Recorded data:
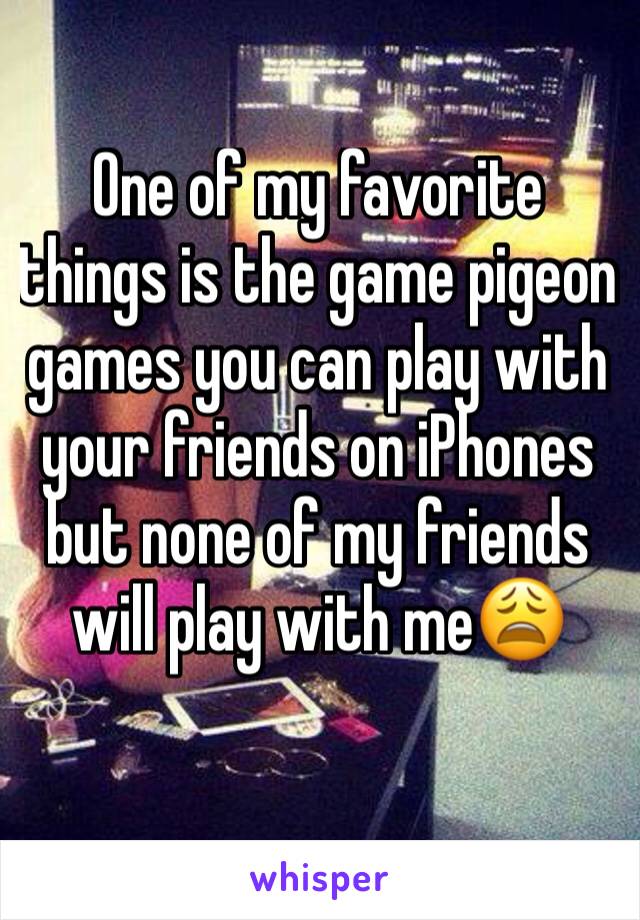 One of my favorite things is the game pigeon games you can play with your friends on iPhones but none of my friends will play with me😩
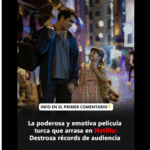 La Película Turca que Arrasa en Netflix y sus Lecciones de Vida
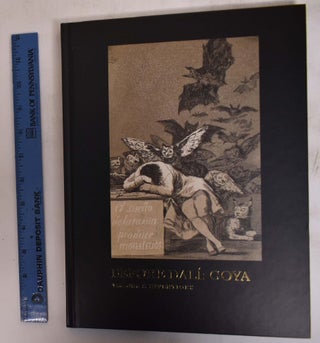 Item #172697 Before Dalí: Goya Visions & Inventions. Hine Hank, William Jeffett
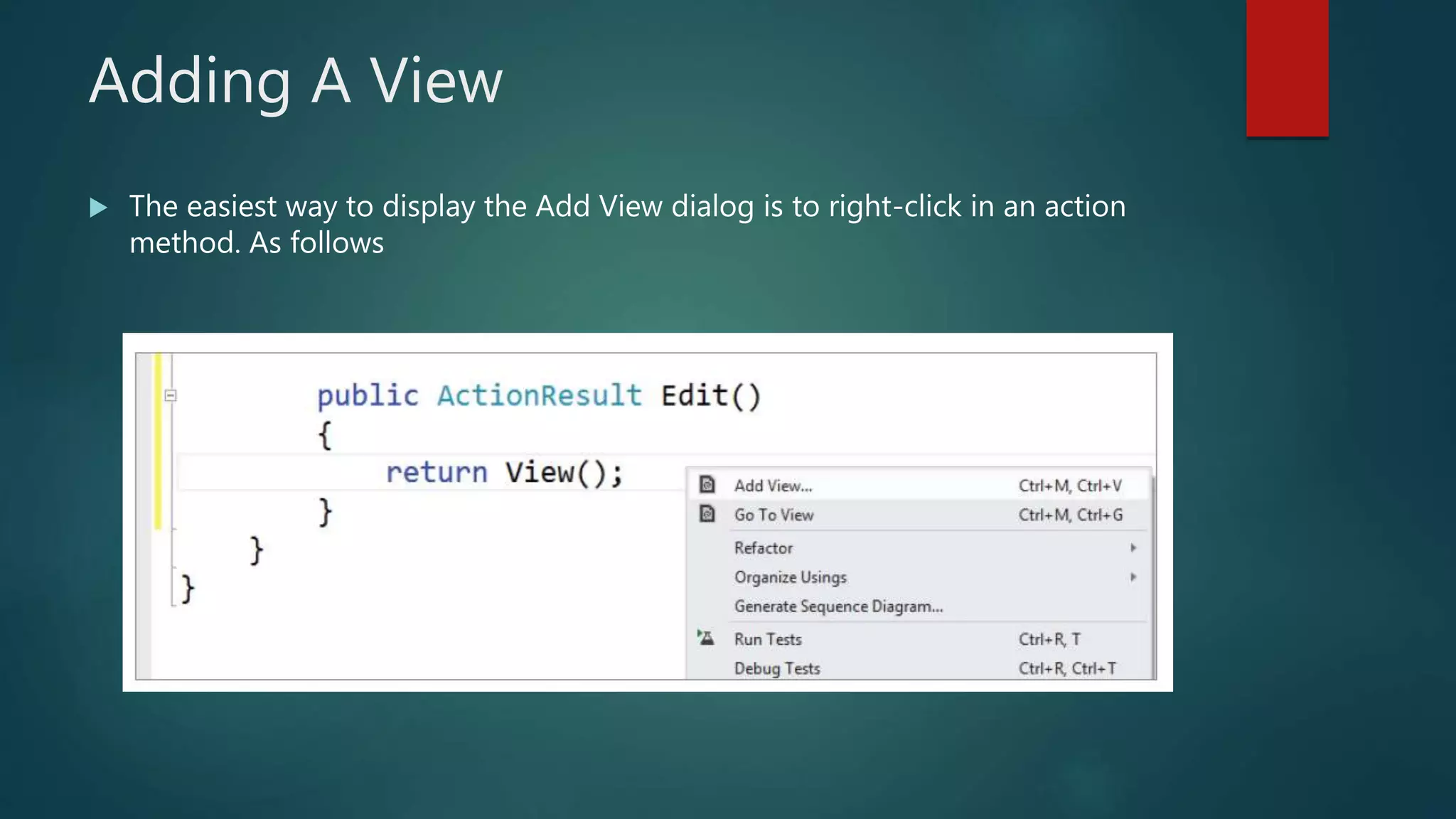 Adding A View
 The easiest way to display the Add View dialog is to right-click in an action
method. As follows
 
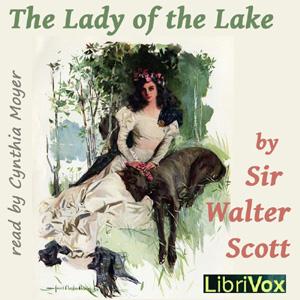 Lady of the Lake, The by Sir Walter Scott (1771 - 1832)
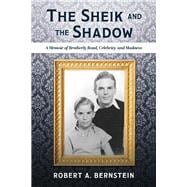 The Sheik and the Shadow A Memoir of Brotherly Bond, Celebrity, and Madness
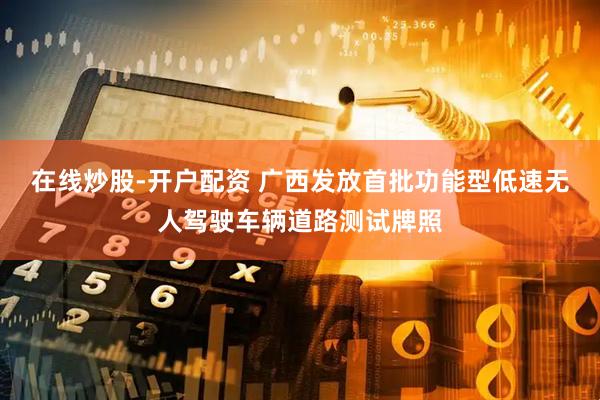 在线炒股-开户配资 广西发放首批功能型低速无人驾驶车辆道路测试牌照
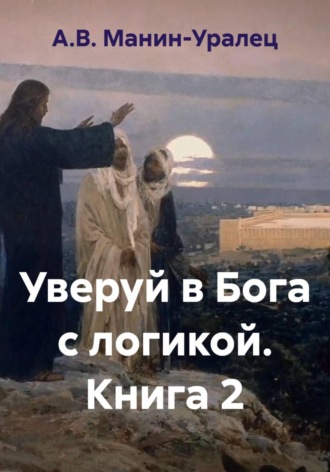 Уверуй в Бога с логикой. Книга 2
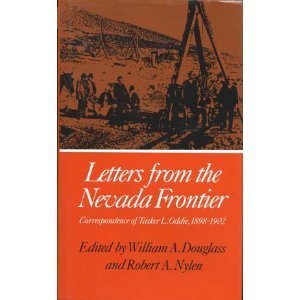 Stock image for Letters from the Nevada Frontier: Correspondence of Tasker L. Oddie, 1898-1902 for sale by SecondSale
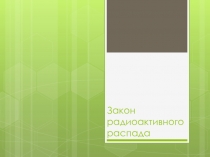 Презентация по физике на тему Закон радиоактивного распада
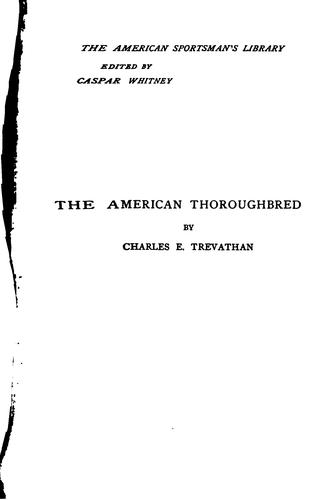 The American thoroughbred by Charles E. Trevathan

The problem: Please return the listing above exactly and leave every picture out.

Finished exercise:
 One of my favorite things is the game pigeon games you can play with your friends on iPhones but none of my friends will play with me😩
 La Película Turca que Arrasa en Netflix y sus Lecciones de Vida
 Item #172697 Before Dalí: Goya Visions & Inventions. Hine Hank, William Jeffett
 Adding A View
 The easiest way to display the Add View dialog is to right-click in an action
method. As follows
 
 Lady of the Lake, The by Sir Walter Scott (1771 - 1832)
 The Sheik and the Shadow A Memoir of Brotherly Bond, Celebrity, and Madness
 在线炒股-开户配资 广西发放首批功能型低速无人驾驶车辆道路测试牌照
 Уверуй в Бога с логикой. Книга 2
 Stock image for Letters from the Nevada Frontier: Correspondence of Tasker L. Oddie, 1898-1902 for sale by SecondSale
 Презентация по физике на тему Закон радиоактивного распада
 The American thoroughbred by Charles E. Trevathan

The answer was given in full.